To: EPS who wrote (3432)6/13/1998 6:43:00 AM
From: EPS  Respond to of 4903
 
Jun 12, 1998

Netscape
(Nasdaq:NSCP - news)
Phone: 650-254-1900
Website: netscape.com
Price (6/11/98): $25

HOW DID IT FIND TROUBLE?

When is a company with a 60% share of the market in a booming industry considered an underdog? When your nearest
competitor just happens to be Microsoft (Nasdaq:MSFT - news) -- closing in fast.

Netscape owned the Web browser market with its Netscape Navigator long before Microsoft introduced its Internet Explorer
in 1995. Just as Windows 95 was rolling out with Microsoft's upstart browser included, Netscape went public. A few months
later the shares were trading as high as a split-adjusted $85 a share. That is when Navigator lost its northerly direction. It got
lost. For Netscape to shed half its value may have been understandable then. Microsoft was no Spyglass (Nasdaq:SPYG -
news) , or any of the other makers of lesser browsers.

But over this past year, when attracting eyeballs in large quantities has meant great sums of capital appreciation for just about
every Internet-related company, Netscape has not only lagged the market, it has lost half its value yet again. Despite drawing
nearly 23 million monthly visitors to its website, the company has been largely overlooked as a potential Internet growth play.

It seems strangely similar to the personal computer market, where the two companies that created the market in the first place,
IBM (NYSE IBM) and Apple (Nasdaq:AAPL - news) , proved to be poor investments relative to the nimble imitators over
the past decade.

But is Microsoft nimble? Hardly. However, by taking advantage of its operating system dominance, it has found itself a captive
Windows audience and has managed to ink lucrative browser deals with the likes of America Online (NYSE:AOL - news) .
While the legality of Windows 98, once again featuring Internet Explorer on its desktop, is in question, the story here is with
Netscape -- the once headstrong Wall Street darling, the company whose Chief Technology Officer graced the cover of Time
barefoot. Maybe he was readying himself to walk on hot coals -- because it has been one painful trip since then. Error 404,
browser popularity not found.

BUSINESS DESCRIPTION

California-based Netscape's proprietary software, Netscape Navigator, allows users to surf the Net once they have logged on
through an Internet service provider. The company is also concentrated in the applications server market and has recently made
new deals for ventures ranging from electronic commerce to networking.

FINANCIAL FACTS

Income Statement*
3-month sales: $127.2 million
3-month income: $0.00
3-month EPS: breakeven
Profit Margin: N/A
Market Cap: $2450 million
(*Netscape recently changed its fiscal year for financial reporting purposes. The numbers here are for the 3 months ended Apr.
30, 1998.)

Balance Sheet
Cash: $96.1 million
Current Assets: $372.6 million
Current Liabilities: $227.5 million
Long-term Debt: $0.2 million

Ratios
Price-to-earnings: N/A
Price-to-sales: 4.8*
(*Based on annualized quarterly numbers)

HOW COULD YOU HAVE SEEN IT COMING?

The tumble from a frenzy-smitten $8 billion market cap to a $4 billion company last summer was not a surprise. As the
company weathered, not taking advantage of its captive audience by more effectively selling the prime real estate on its popular
home page, critics may have given the company an earful. But the potential alone should have kept Netscape in the hunt as
investors flocked back to Internet stocks -- certainly not fodder to be cut to the $2 billion company it is today.

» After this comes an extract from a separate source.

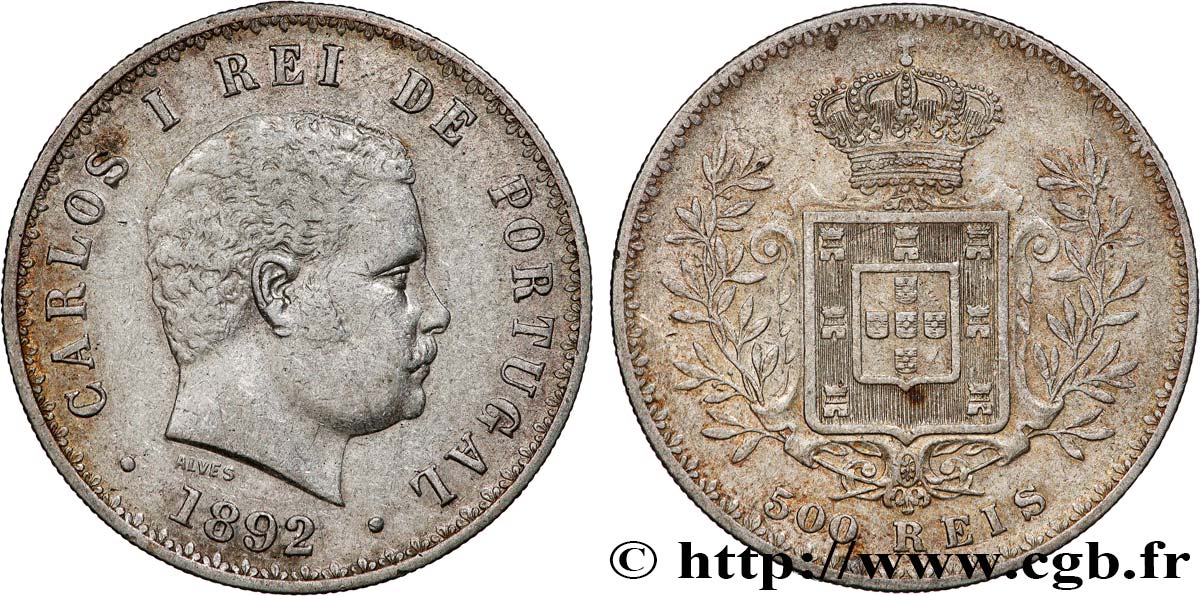 PORTUGAL - KINGDOM OF PORTUGAL - CARLOS I 500 Réis  1892  MBC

However, at a time when most investors would overlook a money-losing "e-tail" venture reporting a deficit, when Netscape
reported a quarterly loss late last year and announced 400 layoffs, shareholders got jittery. This was a growth segment, right?

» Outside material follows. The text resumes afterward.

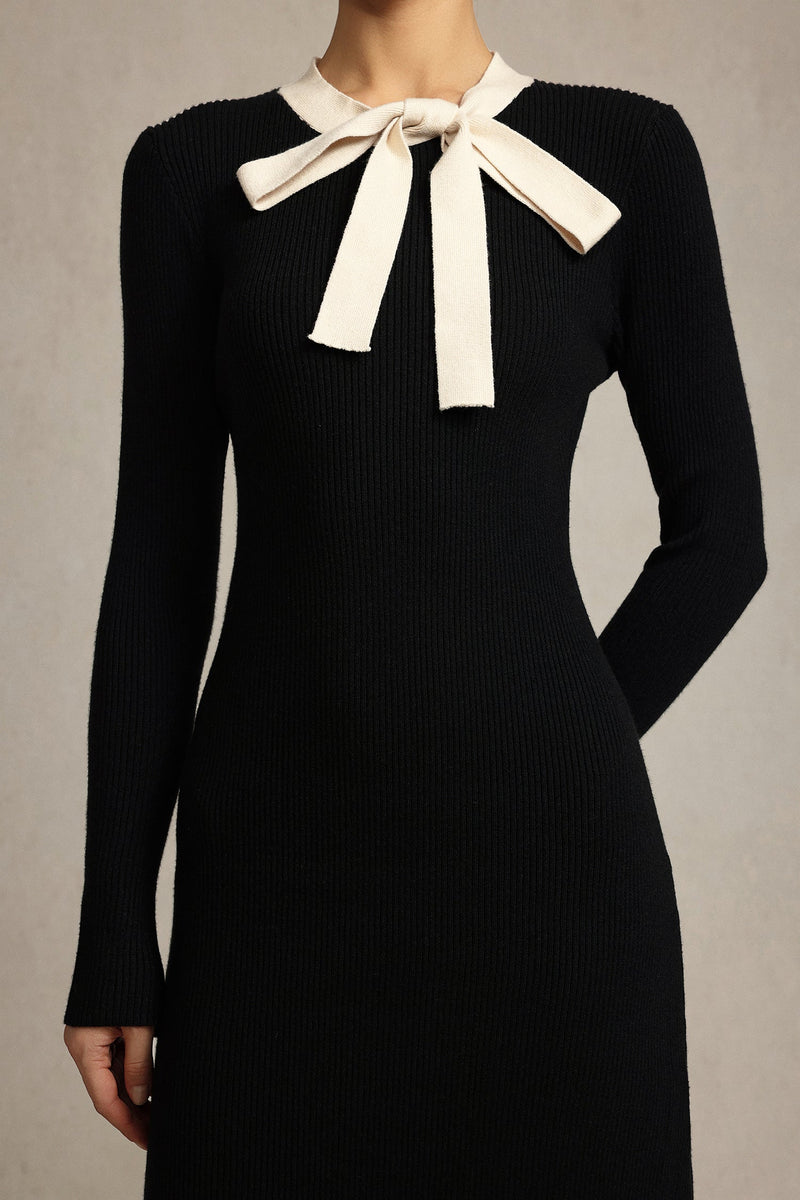 janice Round Neck Long Sleeves Bowknot Streamer Maxi Dress in black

In today's market it will cost you two Netscapes to buy one Yahoo! (Nasdaq:YHOO - news) or eight Netscapes to equal the
market cap of America Online (NYSE:AOL - news) . At its peak, one Netscape could have bought you both bellwethers.

The recent demise is unfortunate, naturally, but a good indicator that even in a booming niche, dormant players will often miss
the ride on the coattails. As Internet Explorer began to lock up prime partners, from America Online to Disney's Daily Blast, it
became apparent that Microsoft was not content to place all its market share eggs in the Windows 95 and Windows 98
baskets.

Microsoft's online service, MSN, has floundered despite having a heavy presence on its operating system software. That
Microsoft is on the offensive to win the Web browser war should serve as a wake-up call to Netscape -- a call which, given
the last few weeks of news, it is apparently heeding.

WHERE TO FROM HERE?

The perfect example of how Netscape was not capitalizing on its home page popularity came when the company recently inked
a $70 million deal with search engine specialist Excite (Nasdaq:XCIT - news) to sell advertising on a revamped Netcenter
page. Netscape receiving the $70 million bounty for a two-year deal may have seemed nice -- until Excite, on its very first day
on the job, managed to sell $21 million in advertising. As a portal clone of Yahoo! this may be a case of an innovator imitating
an innovator, but Netscape is, for better or worse, now a multi-faceted company.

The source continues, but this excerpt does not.